The presenter, who works for CPM, recommended that students not necessarily have to do that specific thing but be in charge of making sure that specific thing gets done.  I don't personally use CPM materials - although I am sure they are good and have heard fantastic things about them.  But from what I have heard they are very group/team based and everything she did say made a lot of sense.

So the recommended roles she put into place were:

  • Resource Manager 
  • Task Manager 
  • Facilitator 
  • Reporter/Recorder 

She did a really cool thing with task cards that helped remind students of what their main role was, some questions to ask themselves throughout the task and also a color-phrased mnemonic device to help them remember to work towards the goals of their work.

After a quick Google search about the whole idea of turning groups into teams I came across this article from Harvard about what does make a group into a team.  They say: "A team is a group of people who do collective work and are mutually committed to a common team purpose and challenging goals related to that purpose." 

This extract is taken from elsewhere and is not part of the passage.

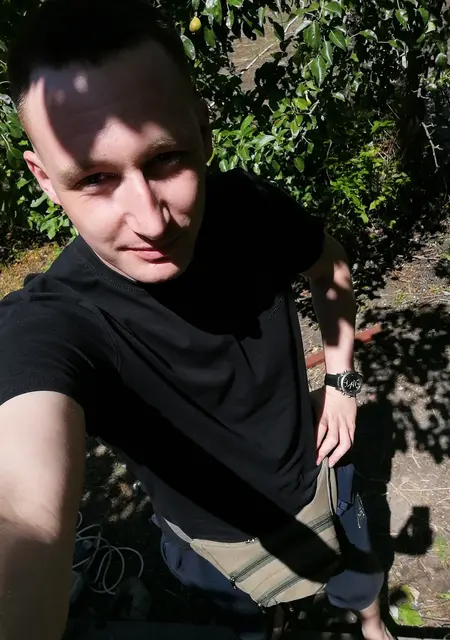 Дмитрий из Волновахи, мне 33, познакомлюсь на одну ночь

Common purpose and challenging goals.  Maybe I haven't driven home the idea that they are working together for the common purpose of solving problems, making progress and developing understanding.  I think those are pretty challenging goals, if I do say so myself.  I always remind my class that there is 1 of me and 30-something of them.  They need to learn how to communicate with each other so that they can rely on each other for help.  But maybe I haven't done enough to help them mold their sense of purpose and duty to each other?

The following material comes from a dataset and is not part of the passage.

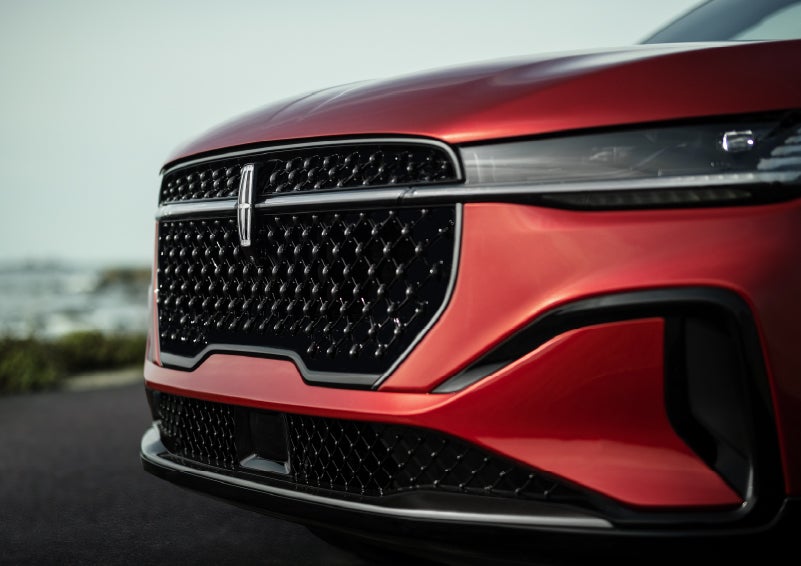 The sleek grille of a 2026 Lincoln Nautilus® SUV with the available Jet Appearance Package makes a bold statement. | Doggett Lincoln of Beaumont in Beaumont TX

I am inspired by this collaborative chart from Maureen Devlin that outlines a good way for students to keep track of their collaborations.  My students maybe need a little more frequent check-ins so hopefully I find time today (between all of the wonderful grading I have to do!) in order to make a half-sheet sized version with a few less layers.  Maybe have students zero in on a few targets every once in a while until they feel confident with those and then move on to other targets.

I always say progress is success and I truly believe that.  Bite-sized pieces will hopefully get them addicted to the elation you feel when you know that you've got it and until then I hope they all show up to get the material that they need in order to make their progress.

I won't hold my breath, but I'll just keep taking deep breaths in hopes they all show up to learn.  Until then, I'll just keep Twittering (and blogging!) on.

2 comments:

Vanes63 said...

I also forgot to link to a few other "turn groups into team" resources I thought might come in handy later.
* https://www.asme.org/career-education/articles/team-building/turning-a-group-of-people-into-a-team
* http://www.appliedsportpsych.org/resource-center/resources-for-coaches/making-your-team-work/
* http://www4.ncsu.edu/unity/lockers/users/f/felder/public/Papers/Oakley-paper(JSCL).pdf
* http://www.tmsworldwide.com/tms12-3c.html
* http://www.oregoned.org/images/pages/2.3_Transform_your_group_to_Team.pdf
http://faculty.washington.edu/janegf/turnaroundineffectiveteam.html
* http://ianvernon.blogspot.com/2011/03/can-you-turn-group-of-individuals-to.html

I am also interested in really looking deeply into the image in the last link.

Maureen Devlin said...

Hi Vanessa, I think your post is terrific. One reason your students probably don't have great collaboration skills or interest is the fact that throughout schools we probably don't give apt collaboration the time and attention it needs both from a professional level and student learning level. In a sense, they haven't worked their "collaboration muscle" so they don't see the worth or strength of it.

I like your ideas about how to build collaboration, and guess what, I may use the cards too. I like the way you described the cards and their use.

As for your 5% that don't attend, they really need a different structure for learning-smaller groups, a different day, more counseling perhaps--we all worry about these students, and we all know that they need something different than what a typical classroom can offer. That's a community and whole school challenge to solve.

I hope you'll keep sharing as you grow this aspect of your practice. Your words will strengthen my words tomorrow as we continue last Friday's collaborative task. Have a great day!